(Geo for geometric random variable, NB for negative binomial)
Let $X_1,\ldots,X_n\sim\text{Geo}(1/n)$ be i.i.d and let $X=\sum_{i=1}^nX_i$, I saw on wikipedia that $X\sim\text{NB}(n,1/n)$. However, when taking expectations, I have on the one hand that $$\mathbb{E}X=\mathbb{E}\sum_{i=1}^nX_i=\sum_{i=1}^n\mathbb{E}X_i=\sum_{i=1}^n\frac{1}{1/n}=n^2$$ and on the other hand I have that $$\mathbb{E}X=\frac{n\cdot1/n}{1-1/n}=\frac{1}{1-1/n}$$ using the formula for expectation of a negative binomial variable (also from wikipedia).
Clearly there's a mistake somewhere but I'm drawing a blank and would appreciate if anyone could explain whats going wrong.
There are two common variations of the geometric distribution.
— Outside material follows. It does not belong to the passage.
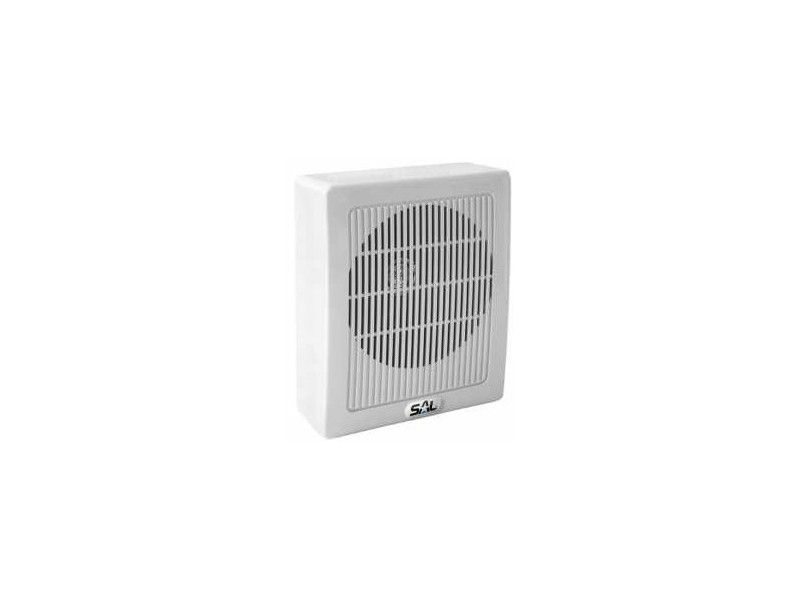 Boxa perete 10W 110V SAL WAS1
The first counts the total number of trials until the first success (where the probability of success is $p$). The second counts the number of failures until the first success. The difference is that $0$ is in the support of the second distribution, and its expected value is $(1-p)/p$.
The negative binomial distribution $\text{NB}(r, p)$ counts the number of successes until $r$ failures have occurred. So a $\text{Geo}(p)$ random variable (in the second sense) is the same as a $\text{NB}(1, 1-p)$ random variable (by flipping the meaning of "success" and "failure). So a sum of $n$ $\text{Geo}(1/n)$ random variables (of the second kind) is a $\text{NB}(n, 1-1/n)$ random variable.